When your creditors are threatening to seize your wages or seize any of your assets, the idea of filing for bankruptcy can be very appealing. The most popular bankruptcy option is called Chapter 7 Liquidation Bankruptcy. It’s popular because it can eliminate most of your debt, including credit card debt. The alternative is Chapter 13 bankruptcy, which is more of a way to restructure debt because it won’t pay off any debt.
While Chapter 7 bankruptcy will eliminate many of your unsecured debts, some debts cannot be forgiven. These include student loan debt, lim support and child support, and most taxes due. Additionally, bankruptcy will tarnish your ten-year credit record, making it difficult for you to get new credit.
Other Debt Management Methods
There are other ways to manage debt that won’t negatively affect your credit, such as filing for bankruptcy. Two of them obtain debt consolidation loans or apply for credit advice. Many people with serious debt problems choose to use debt consolidation loans to resolve their debts. Here you can get loans from banks, credit unions, or online lenders and pay off all debts simultaneously. This frees you from any creditors who may have harassed you. Also, your monthly payment must be less than the total monthly payment you make.
Another way to manage debt is to go to a credit consultancy. Maybe there is one near you. If not, you can find one by searching the Internet for the term “credit advice.” Local credit consultancies are usually non-profit organizations that provide services for free or at a meager cost. Companies you find online usually charge for their promotions, so stay away from them. Just keep looking, and you will find a nonprofit and offer its services for free.
What can a credit adviser do?
Credit advisors will usually assess your assets and liabilities. He or she will help you create a debt management plan (DMP) that will keep you debt-free for about five years. Your advisor will contact your creditors and negotiate with them to accept your plan. He or she will also work hard to lower your interest so that you can get out of debt faster.

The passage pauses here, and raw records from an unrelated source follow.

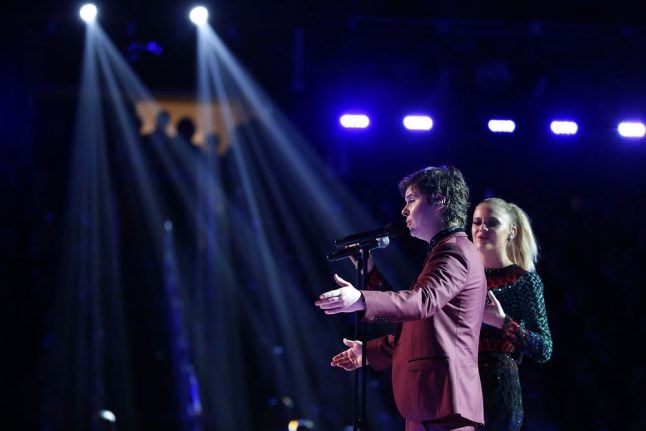 Adele keeps Denmark's Lukas Graham from saying 'Hello' to a Grammy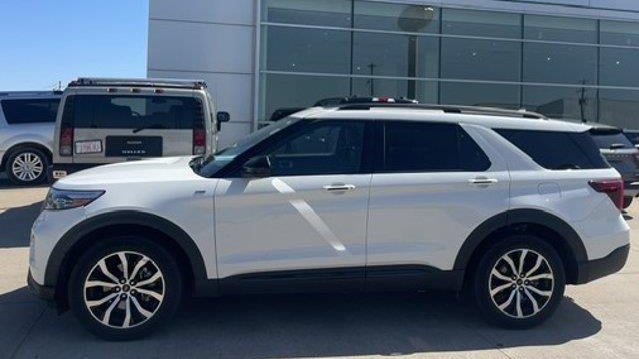 2022 Ford Explorer ST-Line
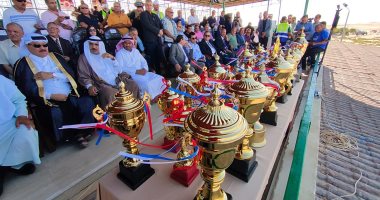 توزيع مليون جنيه جوائز على الفائزين فى سباق الهجن بالعريش.. صور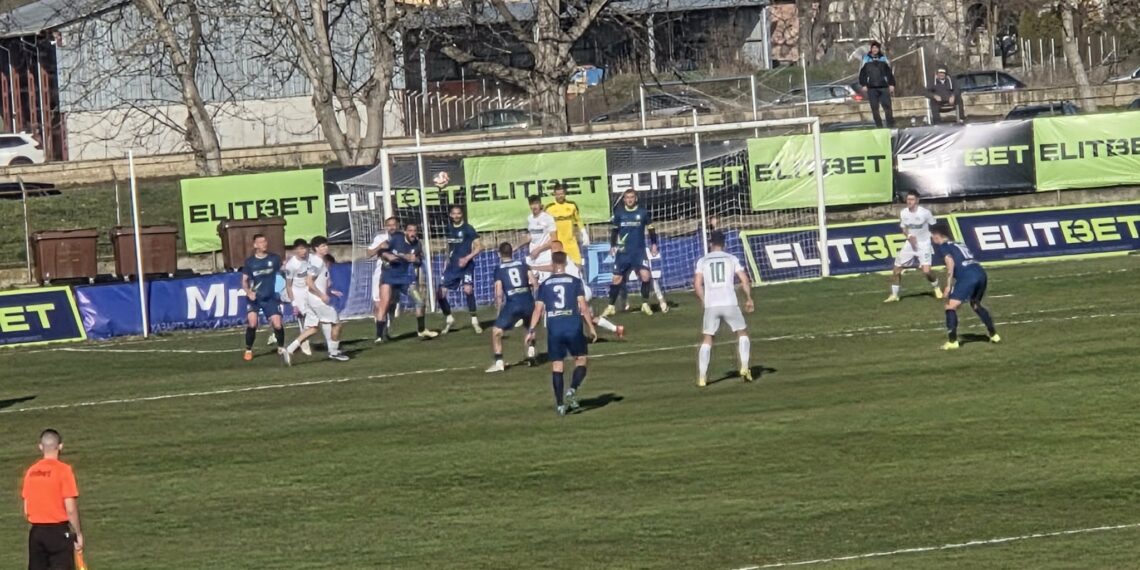 “Севлиево” взе съседското дерби и спъна “Янтра” към елита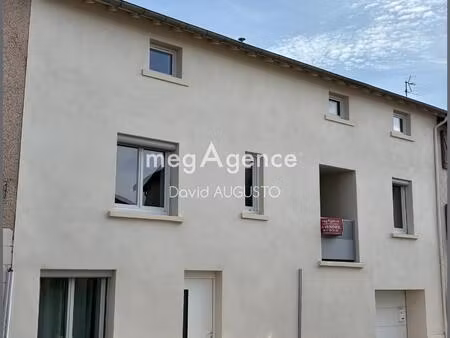 maison de village rénovée  3 chambres+bureau  garage de 25m2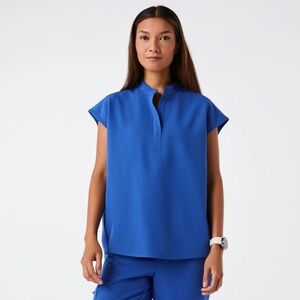 Figs Rafaela Women’s Scrub Top- New with Tags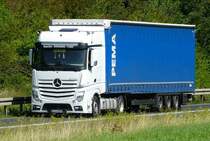 =MB Actros-Sattelzug unterwegs auf der B 27, August 2017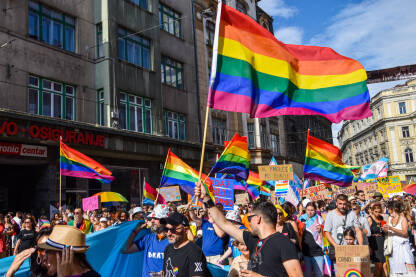 Dugine zastave Povorka ponosa 2022, Sarajevo, Bosna i Hercegovina. Učesnici nose zastave duginih boja i traže jednaka prava za pripadnike LGBTIQ zajednice.
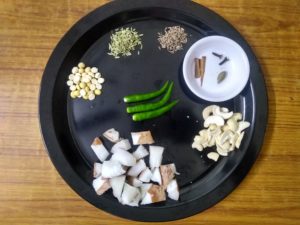 White kurma -masala items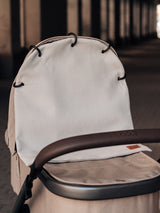 vohvelivaunu_verho_logolla__light_grey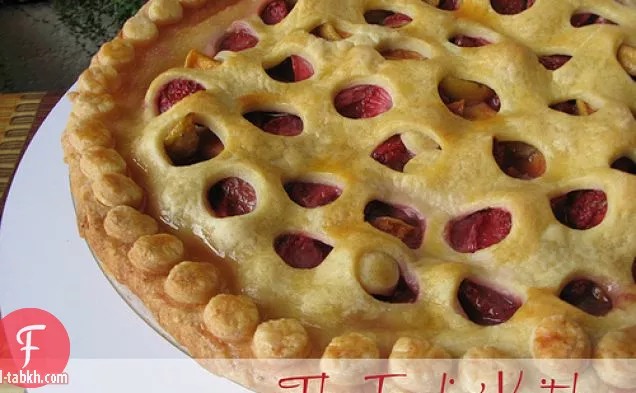فطيرة الفراولة والخوخ مع العسل والمريمية
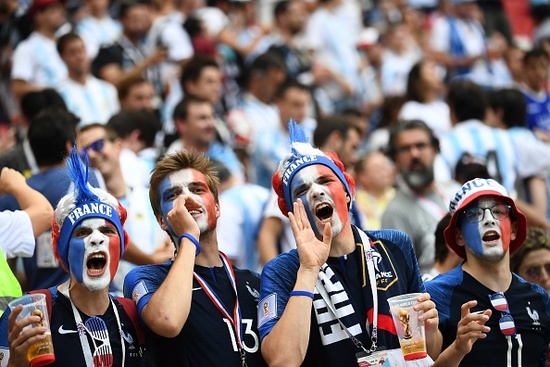 FBL-WC-2018-MATCH50-FRA-ARG-FANS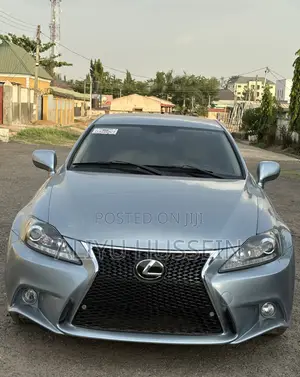 Lexus IS 2010 Blue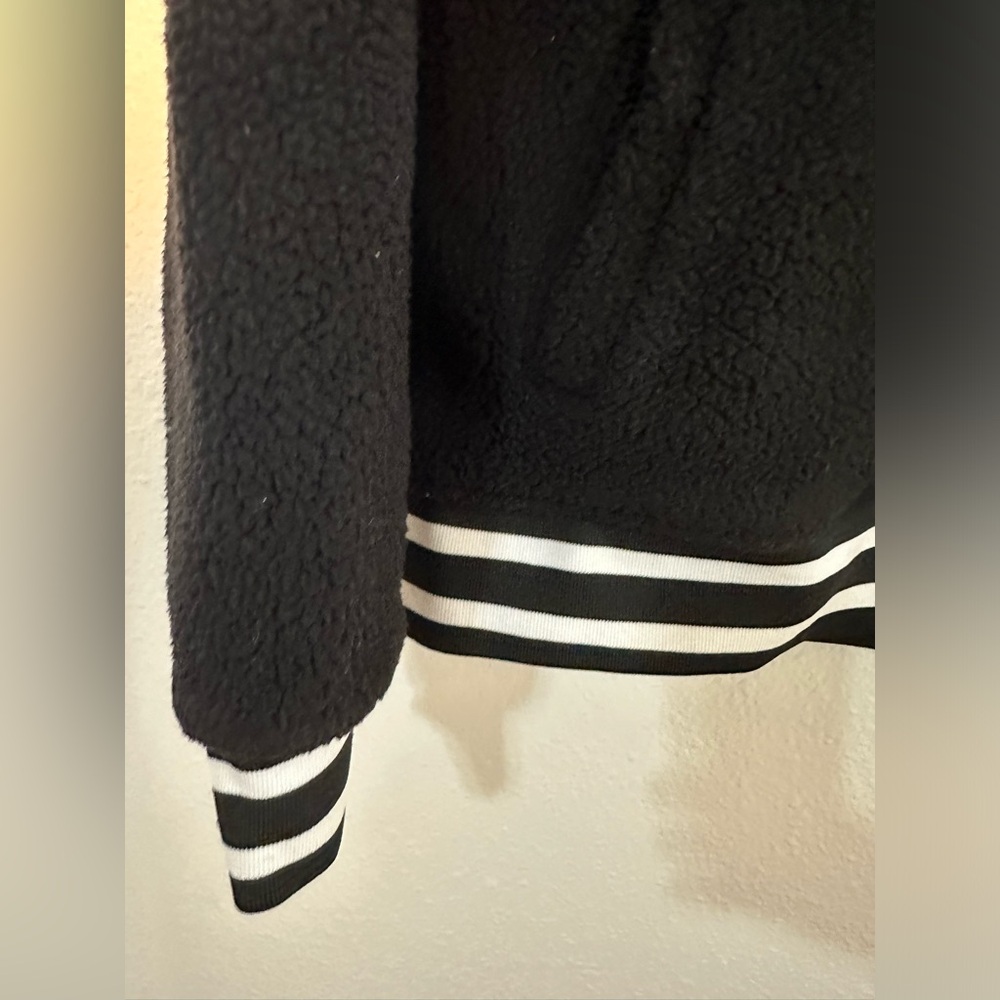 Philadelphia Eagles Adult M Fleece Black NFL Lined Zip Pocket Graphic super warm - Picture 7 of 9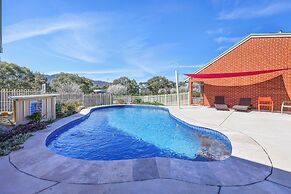 The Roseville Apartments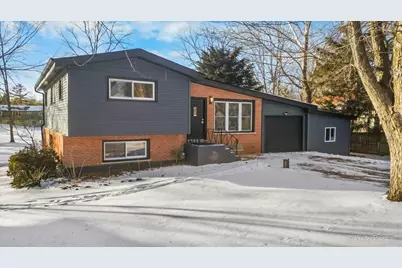 1004 S Grove Avenue, Barrington, IL 60010 - Photo 1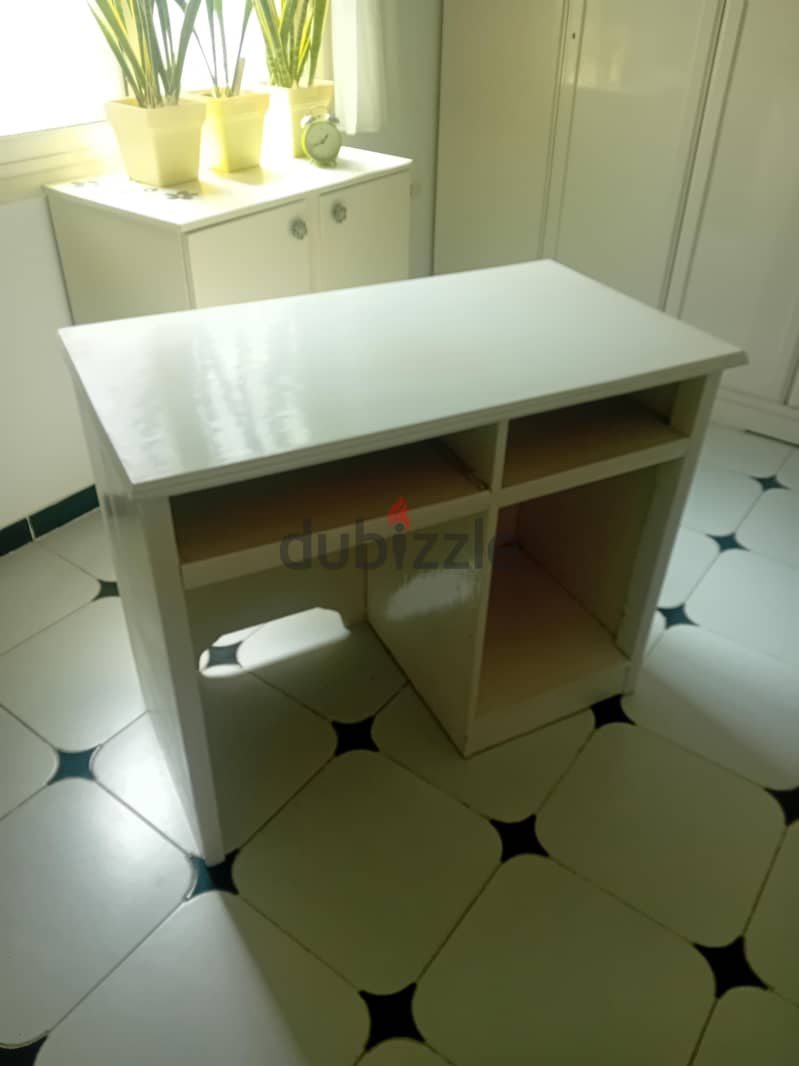 computer/study desk. wood 1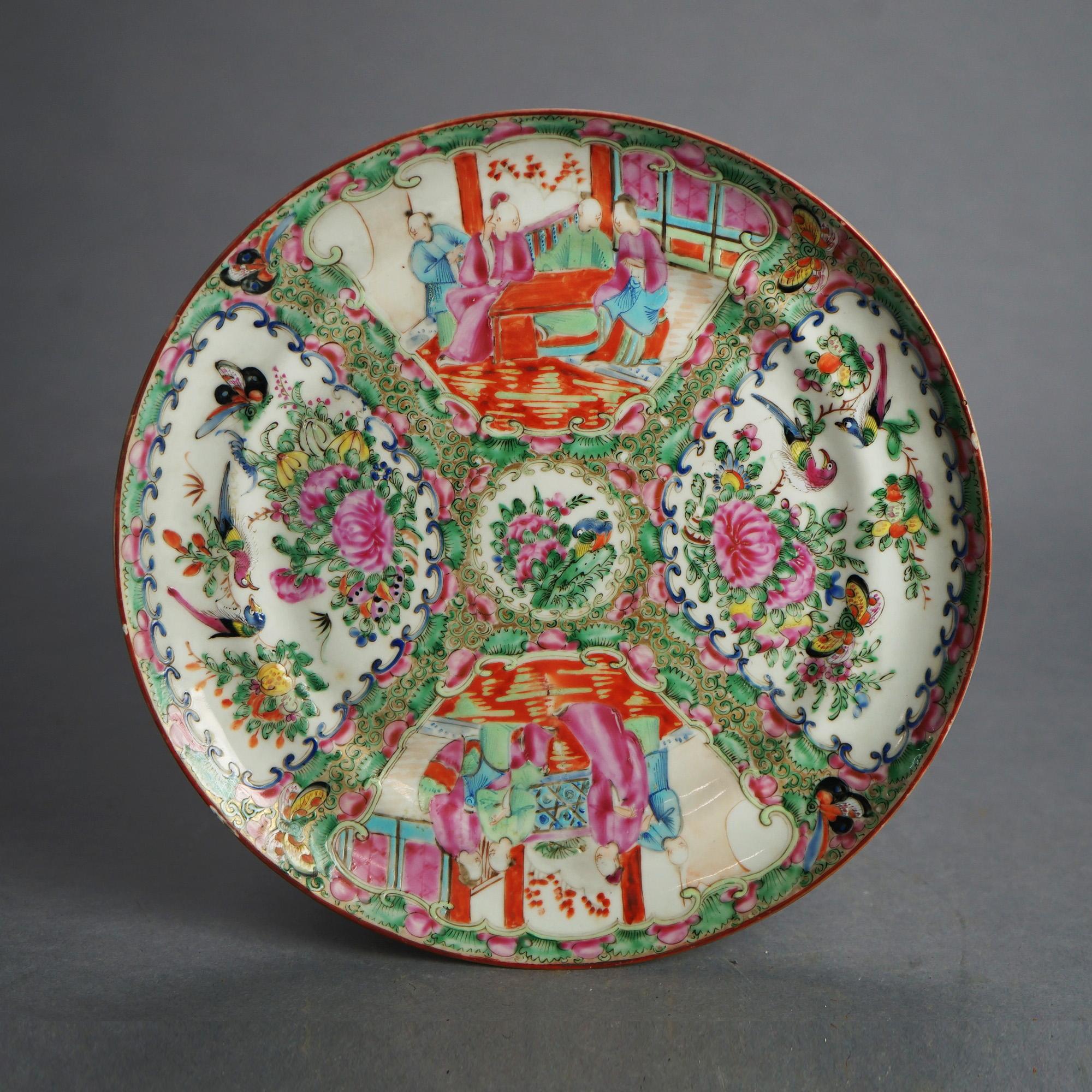 20ième siècle Quatre assiettes en porcelaine chinoises à médaillons de roses avec scènes de jardin et de genre vers 1920 en vente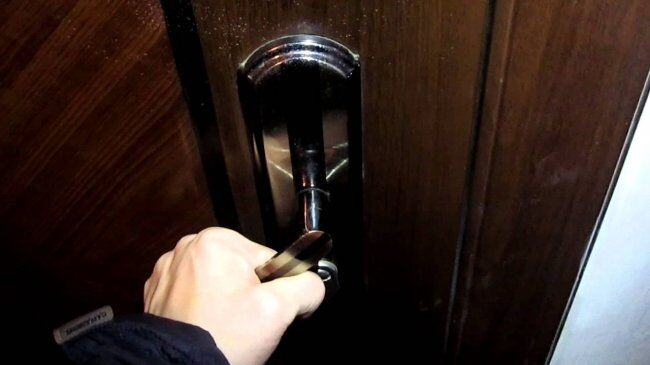 Неизвестные по ночам тревожат жителей Днепра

A real way to get out of debt
The problem with debt consolidation and debt management plans is that neither can really get you out of debt. They are just ways to transfer your debts from one group of creditors to another and make it easier for you to pay off your debts.
The sad truth is that there is only one real way to get rid of debt: to pay off your debts. One way is to transfer all high-interest credit card debt to new debt with lower interest rates and continue to pay until the balance is reduced to zero. You can do this by doubling the monthly repayment amount to reduce the balance and not just pay the interest charges. It won’t be exciting, but if you stick to it, you can be relieved of your debt in less than three years, and your credit history won’t be strained.